- [Input data]:
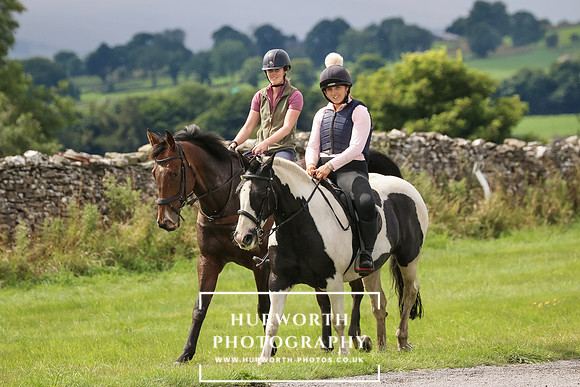 Hurworth Middleham Ride 251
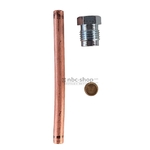 AHA5535 DURITE DE RACCORD DE POMPE A ESSENCE AVEC OLIVE TRIUMPH SPITFIRE nbc-shop 1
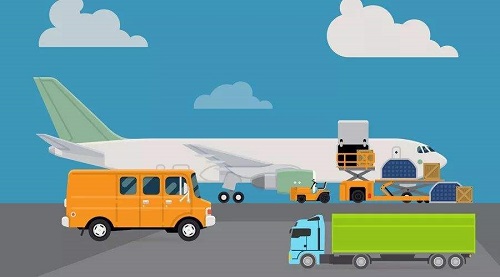 测量快递包裹尺寸的物流装备，如何实现节省人工成本？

- [Task requirements]: What you write must match, line for line, the lines from the one with "AHA5535 DURITE DE" through the last line of the data above, minus the pictures.

- [Solution]:
 AHA5535 DURITE DE RACCORD DE POMPE A ESSENCE AVEC OLIVE TRIUMPH SPITFIRE nbc-shop 1
 测量快递包裹尺寸的物流装备，如何实现节省人工成本？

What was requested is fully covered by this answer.